Petry made an appearance on Sunday morning’s “Fox & Friends” and responded to the news that Vindman had been fired from his post on the National Security Council and escorted from the White House.
“I respect Donald Trump’s actions on escorting him out of the White House because he, as a team player, he should have brought it up through the chain of command and then blown the whistle if it didn’t get approved,” Petry began. “So, exactly my insight is, I would fired him too, I can’t trust you on my team, if you can’t bring me things you don’t agree with.”
Petry went on to address the fact that House Speaker Nancy Pelosi and numerous others — including Vice President Joe Biden on the New Hampshire debate stage — had lauded Vindman as a hero.
“I think this,” Petry said. “I respect his service, I understand he is Purple Heart recipient. Being a Purple Heart recipient doesn’t make somebody a hero. I’m sorry.”
“I appreciate your candor,” host Pete Hegseth, also an Army veteran, jumped in. “Wearing the uniform doesn’t make you immune from criticism especially on the National Security Council, it has now been identified you’re probably a part of leaking, certainly a part of concerted effort to hurt the president.”
Hegseth then pointed out what many have in the president’s defense: that every member of the National Security Council serves “at the pleasure of the president” and can be reassigned for any reason the White House chooses.
Petry went on to explain that Vindman, according to friends who had been with the lieutenant colonel in Ranger School, had referred to him as a “chow thief” and had not thought highly of him even then. “In ranger school, [they] said he couldn’t be trusted. They tried peering him out. They said, ‘Well, I guess it hasn’t changed much.’ Usually folks that try to make a big statue of something, what we call spotlighters in the military, trying to highlight themselves as a hero or doing something great. and you could do something great just doing your job.”

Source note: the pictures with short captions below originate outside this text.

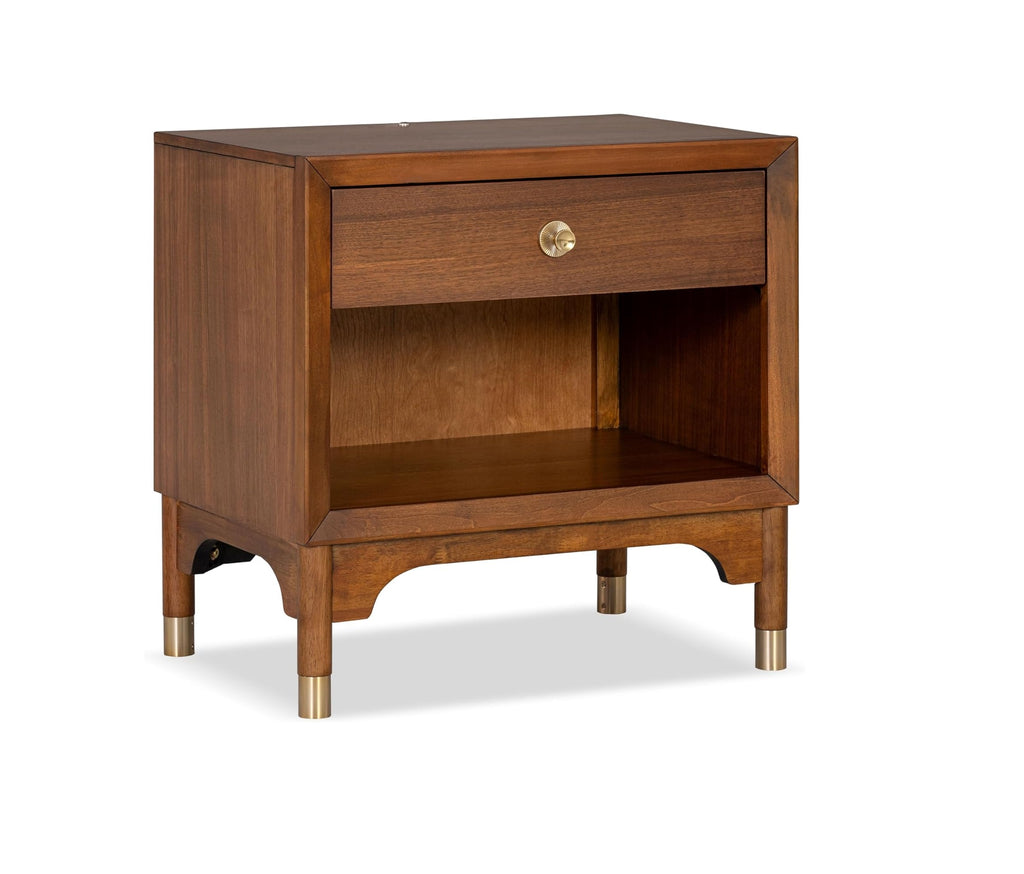 Mid Century Modern Style 1pc Nightstand English Dovetail Drawer USB Port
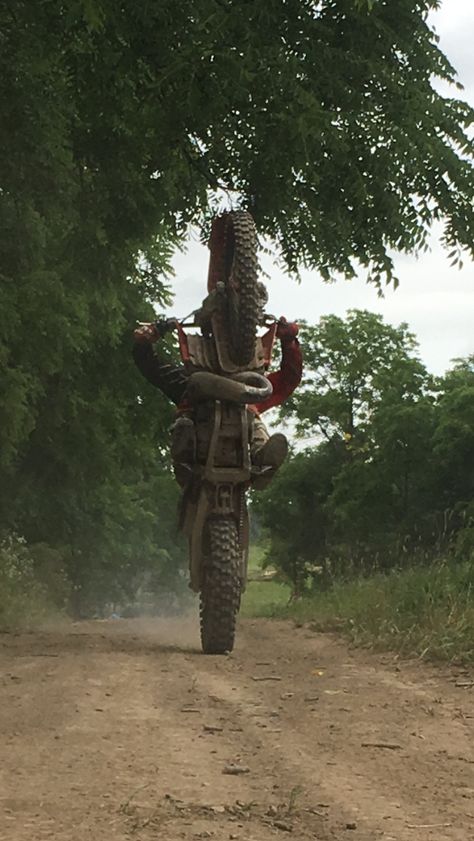 Dirt Bike Wheelie, Bike Wheelie, Motocross Love, Off Road Bikes, Triumph Tiger, Four Wheelers, Pit Bike, Trail Riding, Vintage Bikes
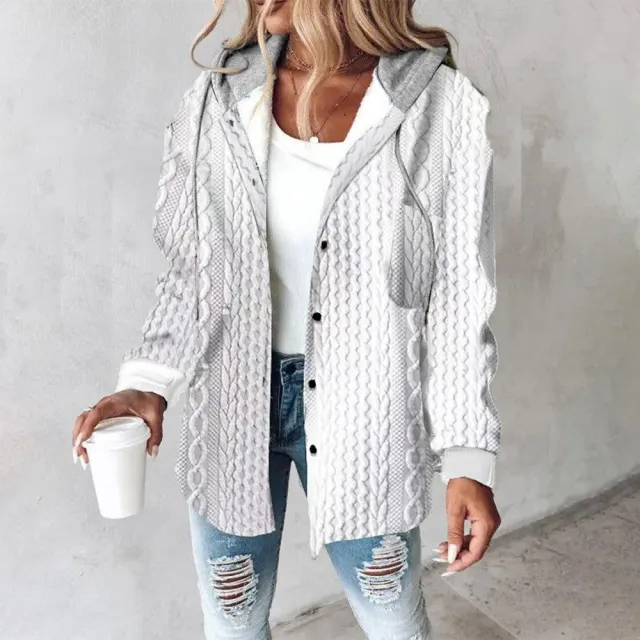 Women's Large Checks Style Women's Woolen Jacket Plaid Grey - Shop at LoveMi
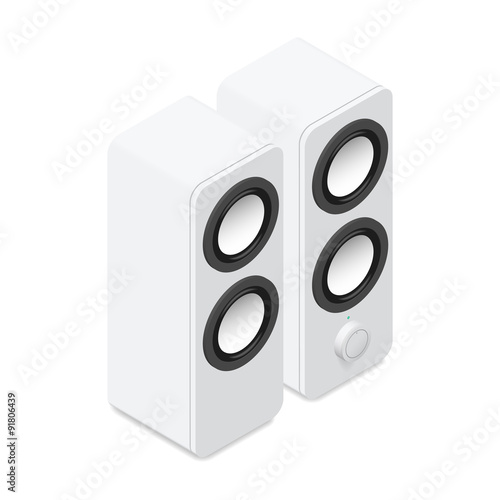 Computer speakers isometric icon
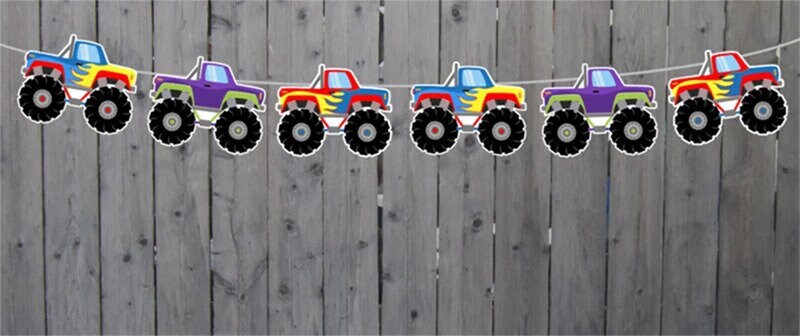 Monster Truck Banner, Monster Truck Decorations, Monster Truck Party Banner, Monster Truck Party Decorations, Monster Truck Party Sign - Image 2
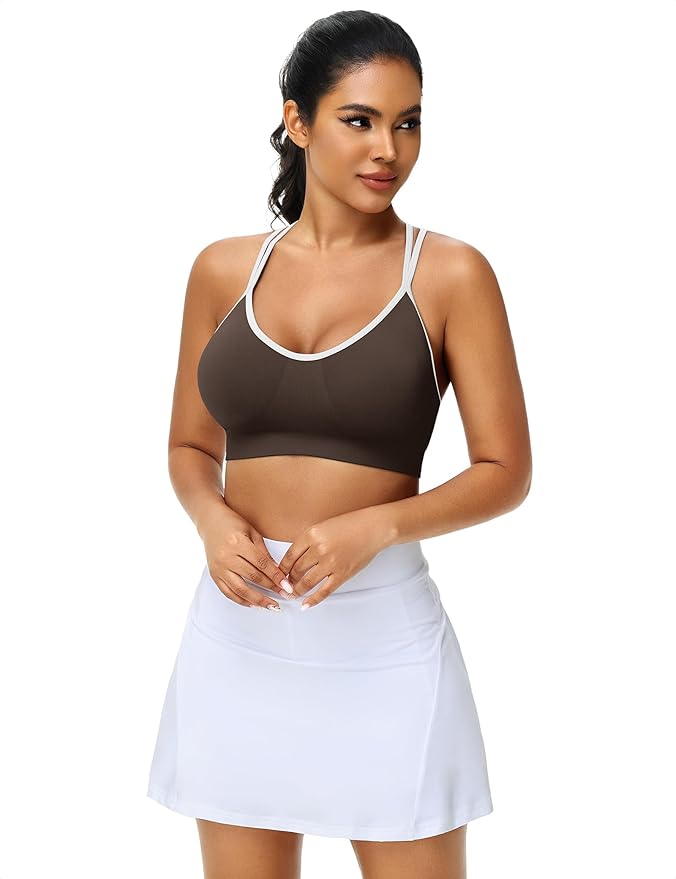 VEQKING Women's Cross Back Sports Bra Padded Strappy Medium Support Yoga Bra for Workout Fitness 3 Pack
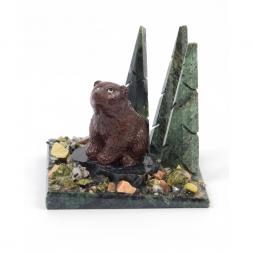 Сувенир "Мишка сидящий в бору" змеевик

Hegseth jumped back in then to “translate” some of the military jargon Petry had used to describe Vindman, saying, “Chow thief, meaning that when there is limited food, you’re taking some so you can have some and your buddies don’t. Spotlight ranger is someone who, when the spotlight is on, you do a great job when spotlight is off, you’re not necessarily helping your buddies. And peered out means your fellow peers are voting against you to graduate from that particular school.”